LONDON (Reuters) -Rishi Sunak, trailing in the race to become Britain’s next prime minister, has vowed to slash the basic rate of income tax by 20% by 2029 in a potentially make-or-break throw of the dice by the former finance minister.
Sunak, once seen as the favourite to replace Boris Johnson when he helped to steer the economy through the ravages of the COVID-19 pandemic, has struggled against his rival, Foreign Secretary Liz Truss, who has pledged immediate tax cuts.
Sunak said he remained focused on tackling inflation but once that was achieved he would follow through on an already-announced plan to take 1 pence off income tax in 2024, and then take a further 3 pence off by the end of the next parliament, likely around 2029.
The two pledges would take income tax from 20p to 16p.
Sunak said the plan would mark the biggest income tax cut since the time of Margaret Thatcher.

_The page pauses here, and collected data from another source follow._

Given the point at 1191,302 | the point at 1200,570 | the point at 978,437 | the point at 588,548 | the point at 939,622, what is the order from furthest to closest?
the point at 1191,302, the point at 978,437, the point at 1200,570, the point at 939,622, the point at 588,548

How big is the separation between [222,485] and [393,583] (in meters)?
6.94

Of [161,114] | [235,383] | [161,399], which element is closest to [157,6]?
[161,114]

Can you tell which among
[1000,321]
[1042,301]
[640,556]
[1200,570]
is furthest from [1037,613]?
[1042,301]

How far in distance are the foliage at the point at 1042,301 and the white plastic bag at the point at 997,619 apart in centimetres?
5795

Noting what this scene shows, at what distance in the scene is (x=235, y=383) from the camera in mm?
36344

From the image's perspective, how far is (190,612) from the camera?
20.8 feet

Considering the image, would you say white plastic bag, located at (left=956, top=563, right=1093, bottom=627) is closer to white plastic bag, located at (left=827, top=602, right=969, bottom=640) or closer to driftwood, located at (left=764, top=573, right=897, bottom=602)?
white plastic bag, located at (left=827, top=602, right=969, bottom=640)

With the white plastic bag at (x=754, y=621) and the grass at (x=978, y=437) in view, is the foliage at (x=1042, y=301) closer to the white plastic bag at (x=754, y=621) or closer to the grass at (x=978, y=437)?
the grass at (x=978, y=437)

“It is a radical vision but it is also a realistic one,” he said in a statement late on Sunday, a day before Conservative Party members are due to start receiving their ballot papers to vote for the party’s new leader.
Sunak told BBC Radio on Monday he would fund the tax cut by growing the economy and being disciplined with public spending.
Britain’s hunt for a new prime minister was triggered on July 7 when Johnson was forced to announce his resignation following months of scandal. Conservative lawmakers have whittled a field of candidates down to Truss and Sunak, with an announcement of the decision by party members due on Sept. 5.
With inflation surging to a 40-year high of 9.4% and growth stalling, the economy dominated early stages of the contest, with Sunak arguing that Truss’s plan to reverse a rise in social security contributions and cancel a planned rise in corporation tax would stoke inflation further.
“I don’t think embarking on a spree of excessive borrowing at a time when inflation and interest rates are already on the rise would be wise,” Sunak said.
Sunak said each penny cut from the rate of income tax would cost around 6 billion pounds ($7.3 billion) a year, a figure that he said would still allow Britain’s debt-to-GDP ratio to fall, if the economy grows in line with official forecasts.
Truss has argued that tax cuts are needed now to give the economy a shot in the arm. A recent poll by YouGov showed Truss held a 24-point lead over Sunak among Conservative Party members.